Goodbye Netflix, Children, Hiroshima, Mon Amour, etc.
We bought our biennial subscription to cable (hello Time Warner, fuck you I hate you) at the Cumberland County Fair. Who doesn’t buy their cable at the fair? This year it was $39.95 for a year of digital cable. Not as good as the $29.99 I got for basic cable two years ago, but better nonetheless than the $57.95 that they normally charge for garbage television. It’s a racket, we know it, paying anything for commercial television. But it’s better than ritualistic suicide or violent hard drinking, both things that come to mind on dark, raw February nights. So, we indulge ourselves as winter comes.
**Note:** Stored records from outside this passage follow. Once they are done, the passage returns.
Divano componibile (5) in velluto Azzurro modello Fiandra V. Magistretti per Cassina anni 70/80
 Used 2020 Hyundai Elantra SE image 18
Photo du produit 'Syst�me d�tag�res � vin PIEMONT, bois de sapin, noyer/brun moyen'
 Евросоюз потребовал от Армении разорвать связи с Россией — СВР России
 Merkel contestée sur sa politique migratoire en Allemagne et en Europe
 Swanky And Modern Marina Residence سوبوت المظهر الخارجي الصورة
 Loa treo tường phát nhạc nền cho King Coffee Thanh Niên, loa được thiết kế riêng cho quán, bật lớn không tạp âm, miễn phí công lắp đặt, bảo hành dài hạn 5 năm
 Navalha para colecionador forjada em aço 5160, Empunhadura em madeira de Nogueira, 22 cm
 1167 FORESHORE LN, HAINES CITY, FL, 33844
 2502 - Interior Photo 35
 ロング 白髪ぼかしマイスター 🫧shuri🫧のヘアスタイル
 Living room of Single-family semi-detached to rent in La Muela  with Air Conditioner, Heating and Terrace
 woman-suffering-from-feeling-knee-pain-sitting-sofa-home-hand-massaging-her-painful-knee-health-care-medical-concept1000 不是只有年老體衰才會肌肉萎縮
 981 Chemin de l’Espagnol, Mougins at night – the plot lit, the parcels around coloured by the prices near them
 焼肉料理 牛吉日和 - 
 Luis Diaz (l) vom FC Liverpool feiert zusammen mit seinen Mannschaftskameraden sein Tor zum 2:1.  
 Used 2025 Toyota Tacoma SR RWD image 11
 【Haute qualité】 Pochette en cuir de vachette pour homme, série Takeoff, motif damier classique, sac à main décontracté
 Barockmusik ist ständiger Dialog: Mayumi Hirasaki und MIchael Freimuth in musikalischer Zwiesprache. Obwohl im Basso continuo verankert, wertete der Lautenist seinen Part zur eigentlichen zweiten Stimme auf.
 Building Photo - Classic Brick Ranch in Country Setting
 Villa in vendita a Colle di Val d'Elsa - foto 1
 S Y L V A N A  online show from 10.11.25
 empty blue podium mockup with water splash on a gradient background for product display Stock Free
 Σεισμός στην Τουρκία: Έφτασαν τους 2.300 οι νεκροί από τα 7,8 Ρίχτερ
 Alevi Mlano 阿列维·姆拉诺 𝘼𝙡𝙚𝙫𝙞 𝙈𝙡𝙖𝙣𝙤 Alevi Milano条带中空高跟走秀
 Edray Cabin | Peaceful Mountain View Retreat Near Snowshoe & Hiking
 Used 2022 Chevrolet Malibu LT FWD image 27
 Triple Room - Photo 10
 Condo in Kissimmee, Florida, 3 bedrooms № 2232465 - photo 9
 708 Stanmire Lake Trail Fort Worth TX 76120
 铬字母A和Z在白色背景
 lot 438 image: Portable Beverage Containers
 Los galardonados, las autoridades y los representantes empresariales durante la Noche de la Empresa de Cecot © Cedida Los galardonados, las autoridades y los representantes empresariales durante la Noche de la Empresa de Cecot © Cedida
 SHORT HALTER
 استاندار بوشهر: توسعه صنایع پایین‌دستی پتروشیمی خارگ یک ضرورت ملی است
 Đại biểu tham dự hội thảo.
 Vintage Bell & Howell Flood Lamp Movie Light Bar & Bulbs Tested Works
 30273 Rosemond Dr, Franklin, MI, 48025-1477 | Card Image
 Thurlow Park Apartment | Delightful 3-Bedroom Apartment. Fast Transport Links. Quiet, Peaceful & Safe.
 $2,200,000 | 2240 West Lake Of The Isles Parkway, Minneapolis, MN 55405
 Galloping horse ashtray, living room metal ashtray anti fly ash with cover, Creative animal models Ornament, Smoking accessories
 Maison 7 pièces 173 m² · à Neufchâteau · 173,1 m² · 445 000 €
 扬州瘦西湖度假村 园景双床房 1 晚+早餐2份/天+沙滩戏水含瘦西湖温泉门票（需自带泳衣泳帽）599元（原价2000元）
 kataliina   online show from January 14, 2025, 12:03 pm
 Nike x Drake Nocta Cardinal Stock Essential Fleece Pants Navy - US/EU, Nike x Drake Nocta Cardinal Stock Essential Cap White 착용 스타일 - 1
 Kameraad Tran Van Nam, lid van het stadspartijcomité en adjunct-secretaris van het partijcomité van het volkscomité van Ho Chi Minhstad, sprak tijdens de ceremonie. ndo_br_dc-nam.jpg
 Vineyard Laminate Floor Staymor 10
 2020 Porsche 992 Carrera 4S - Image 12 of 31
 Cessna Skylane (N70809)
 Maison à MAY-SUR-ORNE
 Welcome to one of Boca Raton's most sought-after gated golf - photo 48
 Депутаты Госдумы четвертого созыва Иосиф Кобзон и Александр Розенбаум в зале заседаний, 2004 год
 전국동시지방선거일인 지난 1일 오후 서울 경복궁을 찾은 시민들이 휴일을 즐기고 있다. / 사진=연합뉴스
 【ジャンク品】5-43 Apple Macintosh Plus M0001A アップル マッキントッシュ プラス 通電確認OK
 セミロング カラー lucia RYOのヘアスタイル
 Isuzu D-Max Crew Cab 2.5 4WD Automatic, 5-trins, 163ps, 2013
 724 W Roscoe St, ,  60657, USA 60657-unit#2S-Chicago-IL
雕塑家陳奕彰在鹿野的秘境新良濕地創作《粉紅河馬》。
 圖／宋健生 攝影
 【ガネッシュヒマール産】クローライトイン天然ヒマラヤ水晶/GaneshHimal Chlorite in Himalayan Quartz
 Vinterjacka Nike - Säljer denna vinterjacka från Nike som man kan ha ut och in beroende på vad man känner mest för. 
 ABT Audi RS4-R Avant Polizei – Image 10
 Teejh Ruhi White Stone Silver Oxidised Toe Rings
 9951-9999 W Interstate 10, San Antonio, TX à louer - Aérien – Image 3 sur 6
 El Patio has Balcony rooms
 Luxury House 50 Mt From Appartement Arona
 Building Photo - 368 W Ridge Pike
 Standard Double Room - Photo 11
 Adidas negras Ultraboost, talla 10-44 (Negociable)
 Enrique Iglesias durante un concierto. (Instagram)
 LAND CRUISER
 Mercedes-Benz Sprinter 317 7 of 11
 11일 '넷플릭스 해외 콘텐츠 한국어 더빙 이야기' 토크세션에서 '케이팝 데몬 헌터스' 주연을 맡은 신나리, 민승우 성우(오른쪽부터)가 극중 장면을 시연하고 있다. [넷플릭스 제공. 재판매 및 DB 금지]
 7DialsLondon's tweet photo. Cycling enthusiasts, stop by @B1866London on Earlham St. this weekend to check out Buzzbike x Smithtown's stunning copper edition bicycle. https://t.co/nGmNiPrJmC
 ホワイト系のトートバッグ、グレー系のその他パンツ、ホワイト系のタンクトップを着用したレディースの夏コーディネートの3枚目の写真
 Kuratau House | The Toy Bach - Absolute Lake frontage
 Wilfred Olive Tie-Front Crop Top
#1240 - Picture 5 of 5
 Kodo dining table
The sad part about signing up is saying goodbye to Netflix, which I’ve “traded” in for cable. Netflix is like an old friend that indulges my every impulse, almost always to the point of demonstrating why I should not have such impulses in the first place.
“After finding out he’s terminally ill with cancer, a government official (Takashi Shimura) quits his job and prepares to face his last year alive, devoid of family or friends. Determined not to die alone, he heads to a bar to get drunk for the first time.”
Allured by the two sentence existential synopses, as thin and absurd as they are true, I was driven deeper into the unwatchable by the recommendation engine. The queue swelled and then grew stagnant as I held on to titles for weeks, dreading having to actually watch these things that I dared not send back for fear of missing out on something essential and life-changing.
“…the search for love and meaning in cyberspace by an agoraphobe named Thomas Thomas (Benoit Verhaert), who hasn’t left his home in years. His mother (Micheline Hardy) and everyone else talks to him via videophone, and his girlfriend, Clara, is computer-generated. But into his world arrives a prostitute…”
Some went back scarcely watched (“Intergalactic hero Lemmy Caution is assigned to kill the inventor of a fascist computer.”), but not too many. And almost all of them were better than the forgettable crap that we’ll distract ourselves with for he next few months.
Goodbye for now old love, I’ll see you again in a year when I kick the tired old whore back to the street.